Tag Archives: Royal Mews

Mew or mews?

Kitten meowing   Original Filename: cat.jpg            mews2

When we hear British folk talk about a mews (and yes, it is a singular noun, even though it sounds very plural), we think of a quaint cobble-stoned street lined with stable-like town houses, usually forming a quiet cul-de-sac off — and hidden away from — a larger residential street.

A recent article on Narrative.ly described an American mews that few have heard of, let alone seen, on Manhattan’s Upper West Side.  “The Walk, as locals call it,” Narrative.ly exlains, “is a small English-style mew modeled after the streets of London and named for a romantic comedy by British playwright Louis N. Parker, set on a similar mew” [my italics]. Mew? According to all my dictionaries, singular mew means a gull, the cry of a cat, or a house for hawks. But considering it’s hard to find a real mews outside Great Britain, Americans can easily be forgiven for getting confused about the word and its usage …

OED defines mews as a British noun meaning “1. a set of stabling round an open yard or along a lane. 2) such a set of buildings converted into dwellings; a row of houses in the style of a mews [pl. (now used as sing.) of mew(2), originally referring to the royal stables on the site of hawks’ mews at Charing Cross, London].”

The OED’s second definition of mew, as referred to above and from which the modern word mews derives, is “a cage for hawks, esp. while moulting”; this dwelling for birds used for falconry was often the size of a small building — especially when it housed the king’s hawks as it did in 14th-century London. When the hawks’ mews became the royal stables in the 1530s, the name remained; today the Queen’s stables, which were moved in the early 19th century to their current site in the grounds of Buckingham Palace, are still called the “Royal Mews”.

At the end of the Industrial Revolution, before the motorcar replaced the horse-drawn carriage on England’s streets, prosperous Victorians needed dwellings for their horses and grooms that were near enough to their own homes for convenience, but sequestered enough to hide the sounds, sights and smells of the 19th-century stable from the master and his family. So wealthy urban dwellers lived in large terraced houses (or “row houses”, in American English) with stables at the rear that opened onto a small service street — or mews — on which the horses and stable-hands lived and worked.
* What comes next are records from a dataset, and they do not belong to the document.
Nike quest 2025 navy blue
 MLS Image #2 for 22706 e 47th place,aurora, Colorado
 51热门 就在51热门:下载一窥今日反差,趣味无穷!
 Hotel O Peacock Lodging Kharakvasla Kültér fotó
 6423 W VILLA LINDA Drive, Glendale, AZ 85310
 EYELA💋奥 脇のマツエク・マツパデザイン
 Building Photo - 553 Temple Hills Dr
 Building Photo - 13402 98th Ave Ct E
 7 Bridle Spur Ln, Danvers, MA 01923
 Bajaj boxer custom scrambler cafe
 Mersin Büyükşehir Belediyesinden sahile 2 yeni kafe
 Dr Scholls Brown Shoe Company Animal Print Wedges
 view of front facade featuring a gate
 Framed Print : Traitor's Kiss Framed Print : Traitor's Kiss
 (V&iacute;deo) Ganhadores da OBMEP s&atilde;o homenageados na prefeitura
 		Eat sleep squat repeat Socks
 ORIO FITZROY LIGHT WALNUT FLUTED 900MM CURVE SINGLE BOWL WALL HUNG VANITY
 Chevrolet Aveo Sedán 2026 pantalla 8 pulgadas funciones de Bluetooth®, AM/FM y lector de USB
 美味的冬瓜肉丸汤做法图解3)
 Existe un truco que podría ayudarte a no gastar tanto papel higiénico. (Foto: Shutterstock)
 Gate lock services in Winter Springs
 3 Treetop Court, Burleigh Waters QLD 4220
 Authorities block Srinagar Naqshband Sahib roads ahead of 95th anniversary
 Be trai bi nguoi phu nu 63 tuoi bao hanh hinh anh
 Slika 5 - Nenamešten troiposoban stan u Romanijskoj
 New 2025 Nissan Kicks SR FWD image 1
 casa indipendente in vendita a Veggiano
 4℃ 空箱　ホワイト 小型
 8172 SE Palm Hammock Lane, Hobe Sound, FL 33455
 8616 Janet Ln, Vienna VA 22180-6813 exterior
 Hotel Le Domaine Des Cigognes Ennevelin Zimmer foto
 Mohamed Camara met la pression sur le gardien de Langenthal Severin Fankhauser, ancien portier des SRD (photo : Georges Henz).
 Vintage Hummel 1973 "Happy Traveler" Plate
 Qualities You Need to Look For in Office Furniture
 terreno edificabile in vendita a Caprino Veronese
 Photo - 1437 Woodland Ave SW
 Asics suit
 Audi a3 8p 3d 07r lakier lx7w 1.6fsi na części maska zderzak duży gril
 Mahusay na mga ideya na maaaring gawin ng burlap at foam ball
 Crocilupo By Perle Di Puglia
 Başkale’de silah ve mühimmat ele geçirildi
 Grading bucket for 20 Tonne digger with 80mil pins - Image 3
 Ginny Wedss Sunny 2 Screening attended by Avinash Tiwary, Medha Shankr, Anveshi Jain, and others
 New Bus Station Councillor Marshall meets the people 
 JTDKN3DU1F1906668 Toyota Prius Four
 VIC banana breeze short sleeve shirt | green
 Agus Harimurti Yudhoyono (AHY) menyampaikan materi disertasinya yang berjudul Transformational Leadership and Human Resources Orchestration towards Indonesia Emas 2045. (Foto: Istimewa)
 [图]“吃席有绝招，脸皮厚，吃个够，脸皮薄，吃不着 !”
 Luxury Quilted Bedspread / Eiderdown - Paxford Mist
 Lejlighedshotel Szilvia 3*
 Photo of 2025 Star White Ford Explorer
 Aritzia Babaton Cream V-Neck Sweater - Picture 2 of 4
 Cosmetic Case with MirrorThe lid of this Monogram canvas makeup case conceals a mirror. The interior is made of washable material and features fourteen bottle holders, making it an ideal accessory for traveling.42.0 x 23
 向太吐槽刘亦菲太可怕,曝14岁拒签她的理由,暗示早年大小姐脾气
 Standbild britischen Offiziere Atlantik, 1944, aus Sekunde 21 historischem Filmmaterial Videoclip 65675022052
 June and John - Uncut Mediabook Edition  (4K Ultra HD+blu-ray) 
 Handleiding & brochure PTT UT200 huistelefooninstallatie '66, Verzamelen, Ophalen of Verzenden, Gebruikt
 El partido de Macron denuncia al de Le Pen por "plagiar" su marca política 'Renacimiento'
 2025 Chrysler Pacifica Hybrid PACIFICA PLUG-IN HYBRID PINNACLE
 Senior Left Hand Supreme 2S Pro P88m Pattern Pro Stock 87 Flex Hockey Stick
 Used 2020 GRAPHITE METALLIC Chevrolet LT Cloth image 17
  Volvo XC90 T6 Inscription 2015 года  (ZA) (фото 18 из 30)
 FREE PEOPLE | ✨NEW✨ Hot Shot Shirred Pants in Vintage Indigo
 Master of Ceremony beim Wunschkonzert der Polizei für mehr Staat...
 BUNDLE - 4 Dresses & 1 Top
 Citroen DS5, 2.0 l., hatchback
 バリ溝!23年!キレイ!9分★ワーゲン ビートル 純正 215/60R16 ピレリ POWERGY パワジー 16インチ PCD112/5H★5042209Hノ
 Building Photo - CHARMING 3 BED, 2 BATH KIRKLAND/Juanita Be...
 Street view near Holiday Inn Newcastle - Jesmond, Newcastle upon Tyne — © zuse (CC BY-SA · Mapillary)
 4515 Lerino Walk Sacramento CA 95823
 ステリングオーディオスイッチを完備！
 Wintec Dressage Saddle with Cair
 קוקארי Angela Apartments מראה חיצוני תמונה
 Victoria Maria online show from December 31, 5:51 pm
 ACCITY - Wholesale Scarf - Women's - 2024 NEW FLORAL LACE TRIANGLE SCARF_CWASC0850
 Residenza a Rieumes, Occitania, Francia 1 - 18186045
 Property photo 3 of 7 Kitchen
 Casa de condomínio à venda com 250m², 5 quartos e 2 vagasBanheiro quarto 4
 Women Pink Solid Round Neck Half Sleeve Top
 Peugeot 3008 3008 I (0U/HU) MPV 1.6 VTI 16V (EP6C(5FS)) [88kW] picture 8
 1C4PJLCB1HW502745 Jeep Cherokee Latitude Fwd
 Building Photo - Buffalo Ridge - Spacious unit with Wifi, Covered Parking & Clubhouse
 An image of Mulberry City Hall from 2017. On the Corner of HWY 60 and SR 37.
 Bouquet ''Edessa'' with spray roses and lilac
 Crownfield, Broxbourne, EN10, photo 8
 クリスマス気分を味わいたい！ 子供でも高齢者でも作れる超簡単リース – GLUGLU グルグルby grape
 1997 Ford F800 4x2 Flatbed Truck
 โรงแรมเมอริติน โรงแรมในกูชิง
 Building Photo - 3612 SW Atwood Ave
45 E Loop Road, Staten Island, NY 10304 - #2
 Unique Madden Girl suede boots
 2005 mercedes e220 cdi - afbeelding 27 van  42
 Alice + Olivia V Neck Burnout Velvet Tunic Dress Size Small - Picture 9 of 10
With the advent of the motorcar, the mews lost its raison d’etre and fell into disuse; those carriage houses that weren’t demolished became commercial properties or were converted into private dwellings, which are now some of today’s most fashionable and sought-after residences on London’s property market. The previously unnamed stable-lanes took on the names of the main streets they had served, with the tag “Mews” added to distinguish between them. Look at a map of Central London today, and in the small, picturesque section of Westminster between Marylebone High Street and Portland Street you can count no fewer than ten mews named after neighboring streets: Marylebone Mews, Wimpole Mews, Beaumont Mews, Browning Mews, Mansfield Mews, Weymouth Mews, Devonshire Mews, Bentinck Mews, Queen Anne Mews, and Dean’s Mews. See if you can spot any more …

There are very few mews outside London (a Washington Mews can be found in New York’s West Village). Some fancy apartment buildings, gated housing developments and cul-de-sacs in Canada, Australia and the U.S. include “Mews” in their names to lend an air of elegance and exclusivity, but few if any of their residents can claim horses and hay-bales as their predecessors.